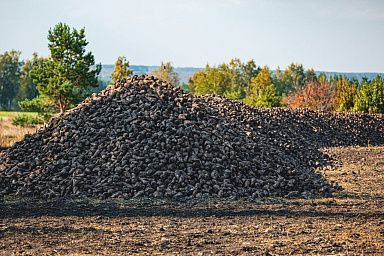 Первый миллион тонн сахарной свёклы собрали аграрии Липецкой области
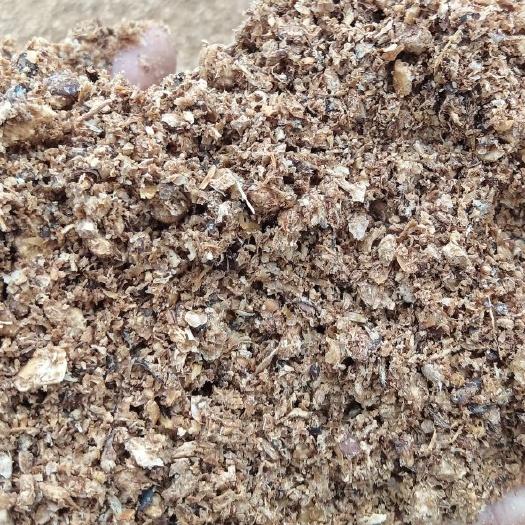 济宁金针菇菌渣  厂家发货
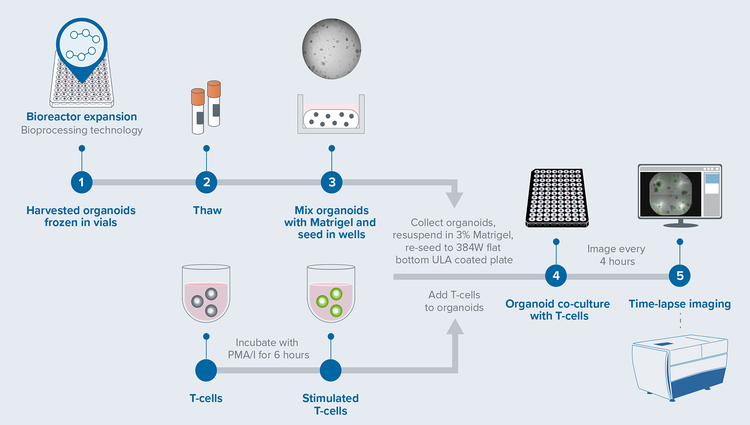 T-cell and CRC PDO interaction workflow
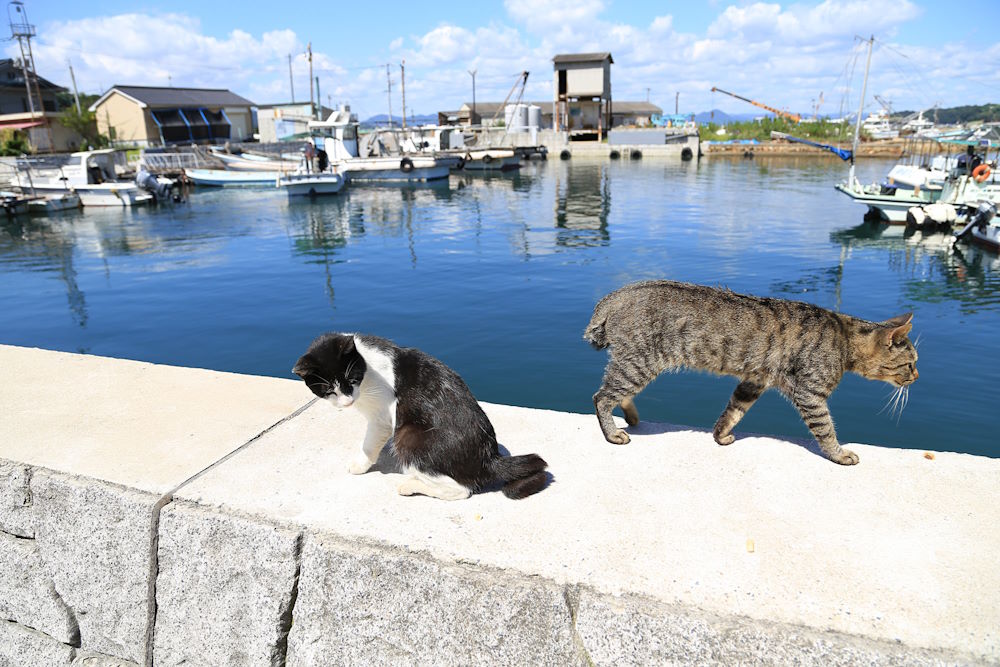 wa sakura - japon - tourisme - voyage - okayama - kasaoka - île - manabeshima - chat - île aux chats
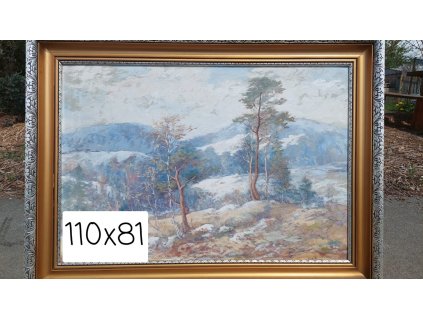 Obraz Obrázek Krajina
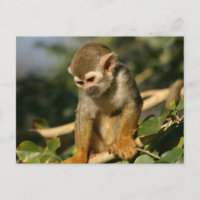 Baby aap
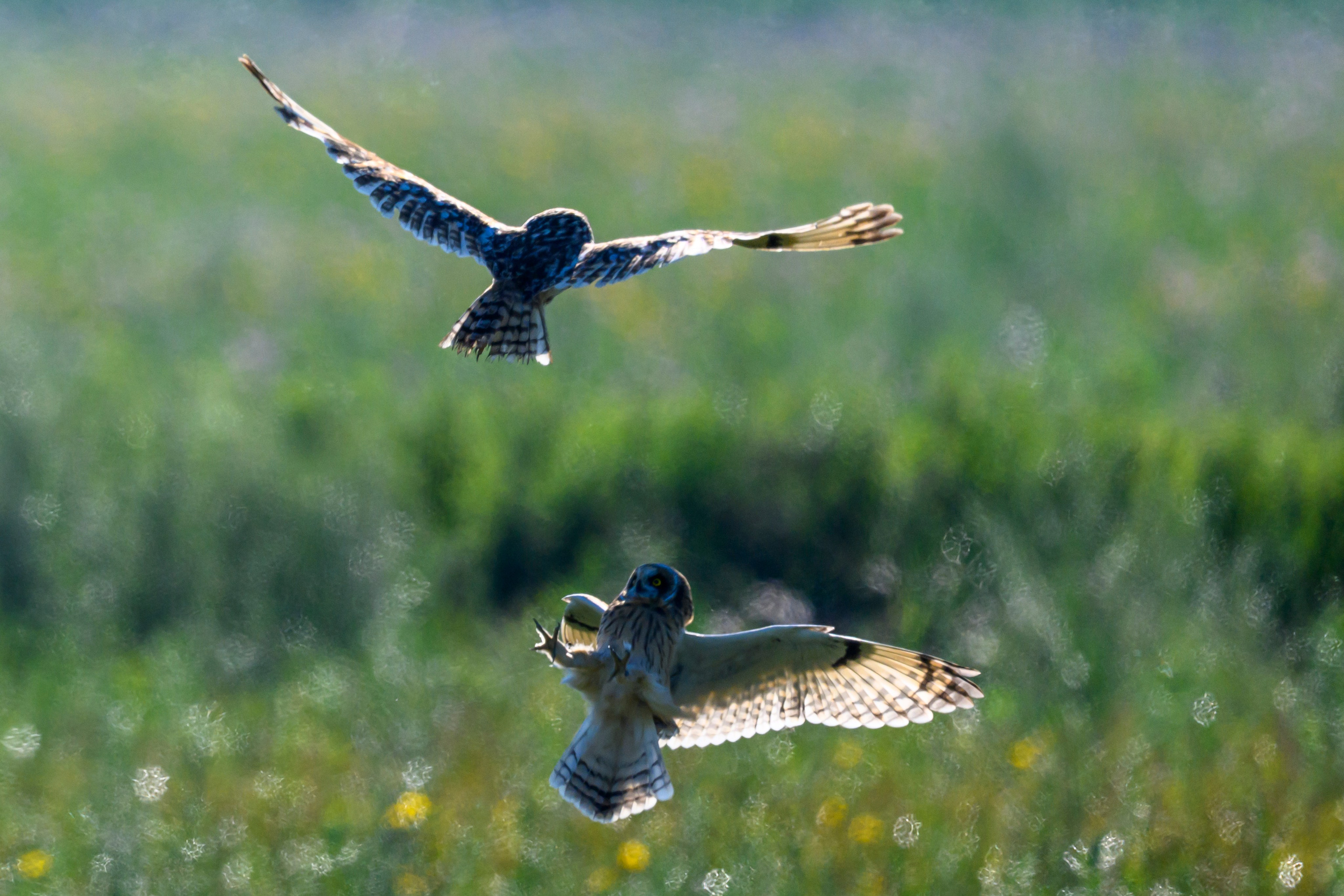 Первая охота совят. The first hunt of owlets. Фотограф Сергей Пупонин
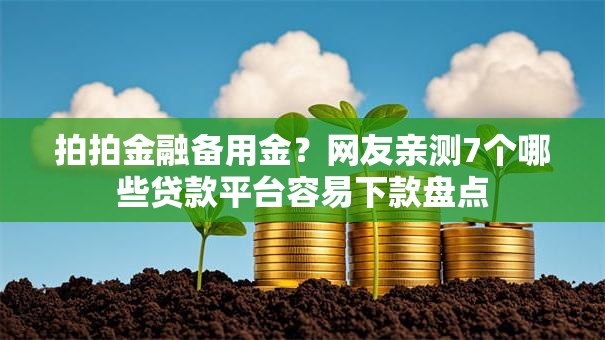 拍拍金融备用金？网友亲测7个哪些贷款平台容易下款盘点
━━━━
Try it —
Leaving out the pictures, output each line above exactly as it is.

Solution to this task —
 Первый миллион тонн сахарной свёклы собрали аграрии Липецкой области
 济宁金针菇菌渣  厂家发货
 T-cell and CRC PDO interaction workflow
 wa sakura - japon - tourisme - voyage - okayama - kasaoka - île - manabeshima - chat - île aux chats
 Obraz Obrázek Krajina
 Baby aap
 Первая охота совят. The first hunt of owlets. Фотограф Сергей Пупонин
 拍拍金融备用金？网友亲测7个哪些贷款平台容易下款盘点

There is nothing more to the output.